In our society, 'incompetent' workers are usually workers whose sets of skills do not fit with the requirements of capital, or workers who are suffering from social or emotional problems which society is desperate to deny causing them.
I know a number of people who are today adjudged 'incompetent' workers, but who were twenty or so years ago considered 'essential' workers, for possessing the same sets of skills. One worked as an electrician on the railways, and was always in demand from managers; today, though, subcontracting and changes in technology mean he is out of a job, and unlikely to get another in his old field. Any attempt to do so would quickly lead to his being adjudged 'incompetent'. Another person I know worked at a paper mill in the 1980s; he lost his job when the mill closed, and new technology in the country's few remaining mills means he is unlikely to get another job in his old field. Unemployment has led to his developing a drinking problem, and also a mental illness, making him still more 'incompetent'.
There are many workers who manage to hold down jobs, but who are none the less 'incompetent', to one degree or another. There is the secretary who trained in the days of typewriters and shorthand, and struggles with computers; the nurse who has put his back out, and is no longer able to do the heavy lifting the job occasionally requires; the supermarket checkout operator who is suffering from depression, and finds it hard to offer each passing customer the compulsory smile and 'How are you today?'
Span assures us - or, rather, assures the various sub-species of right-wing swamp thing who seem to frequent her blog in disproportionate numbers - that unions do not defend the 'incompetent', only unfairly victimised competent workers, and that 'it is possible to fire people [incompetent, deserving people, presumably] in New Zealand'. Such an argument reminds me of the 'liberal' cases for imperialism that have been appearing in her comment boxes lately, which insist that liberals do not oppose all interventions by powers like the US or the UN, only unjust ones. Iraq may have been a mistake, but 'incompetent' countries still deserve to be fired, or fired on, by the global bosses. (Another reference point is the pathetic attempts of Span's Alliance Party to gets its policies 'costed' by a set of economists before elections, in a futile effort to persuade the public that they were 'affordable', 'realistic', and 'reasonable'.)
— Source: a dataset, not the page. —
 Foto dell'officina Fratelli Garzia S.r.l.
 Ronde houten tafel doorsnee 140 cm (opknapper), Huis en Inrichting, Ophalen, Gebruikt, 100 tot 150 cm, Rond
Just as the liberal imperialists buy into the logic of imperialism, even as they try to oppose some of its actions, so do 'reasonable' trade unionists like Span buy into all the worst assumptions of the union-bashing right. A union movement which refuses to defend the most vulnerable workers - the 'incompetents' - is as useless as a political movement which refuses to defend the most vulnerable peoples from imperialism. It's only a hop, skip, and a jump from Span's argument, well-meaning though it is, to the 'partnership' model of unionism which did such damage to Kiwi trade unions in the '90s, and which still dominates the Engineers Union and the PSA. The 'partnership' model saw unions exercising their 'power' by virtually taking responsibility for firing workers, and by accepting mass layoffs in sectors like the railways and the paper industry as 'economic reality'.
The trade union movement and the left in New Zealand will only meet with success when they become radically unreasonable. We need to reject rather than argue within the logic and the vocabulary of the bosses. We should insist that unions defend 'incompetent' workers, and demand that the bosses take responsibilty for the problems that these workers encounter.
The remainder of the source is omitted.